First study the art, then apply it, whether to landscape or any other kind of expression.

PICTURES COMPOSED ON RECTANGULAR LINES.

Great architects and designers were not the only ones to use this simple line-idea; the masters of pictorial art have based upon it some of their best work; (opposite page).

These tracings from a variety of compositions, old and new (No. 36), show that this combination was chosen either to express certain qualities and emotions,—majesty, solemnity, peace, repose, (Puvis de Chavannes)—or because such a space division was suited to tone-effects (Whistler's Battersea Bridge), or to color schemes (Hiroshige). These should be copied exactly in pencil, then drawn enlarged. Find other examples in museums, illustrated books, or photographs, and draw in the same way.

The student must, however, be warned against mistaking a mere geometric combination of lines for an aesthetic combination. There is no special virtue in a rectangular scheme or any other in itself; it is the treatment of it that makes it art or not art. Many a commonplace architect has designed a tower similar to Giotto's, and many a dauber of oil paint has constructed a wood interior on a line-plan resembling that of Puvis. So the mere doing of the work recommended here will be of little value if the only thought is to get over the ground, or if the mind is intent upon names rather than principles. The doing of it well, with an artistic purpose in mind, is the true way to develop the creative faculties.

LANDSCAPE ARRANGEMENT,—VARIATION.

Leaving now the rectangular scheme, take any landscape that has good elements, reduce it to a few main lines and strive to present it in the most beautiful way—for example one from No. 61, or one drawn by the instructor, or even a tracing from a photograph. Remember that the aim is not to represent a place, nor to get good drawing now; put those thoughts out of the mind and try only to cut a space finely by landscape shapes; the various lines in your subject combine to enclose spaces, and the art in your composition will lie in placing these spaces in good relations to each other. Here must come in the personal influence of the instructor, which is, after all, the very core of all art teaching. He can bring the pupils up to the height of his own appreciation, and perhaps no farther. The best of systems is valueless without this personal artistic guidance.

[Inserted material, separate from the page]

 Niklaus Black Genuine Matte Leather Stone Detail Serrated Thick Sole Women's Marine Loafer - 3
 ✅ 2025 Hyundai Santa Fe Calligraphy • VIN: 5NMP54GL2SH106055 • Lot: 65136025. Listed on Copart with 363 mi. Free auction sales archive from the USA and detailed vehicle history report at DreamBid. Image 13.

At this stage of landscape composition, the idea of Grouping (Subordination) can [pg 48] be brought in, as a help in arranging sizes and shapes. There is a certain beauty in a contrast of large and small. It is the opposite of Monotony. For instance, compare a street where there is variety in the sizes of buildings and trees, with another of rows of dull ugly blocks. Ranges of hills, spires and pinnacles, clumps of large and small trees, clusters of haystacks, illustrate this idea in landscape.

EXERCISE

To discover the best arrangement, and to get the utmost experience in line and space composition, the landscape should be set into several boundaries of differing proportions, as in Chapter V, and as shown in the examples, keeping the essential lines of the subject, but varying them to fit the boundary. For instance, a tree may be made taller in a high vertical space than in a low horizontal space, (No. 37 below). After working out this exercise the pupil may draw a landscape from nature and treat it in the same way. Let him rigorously exclude detail, drawing only the outlines of objects.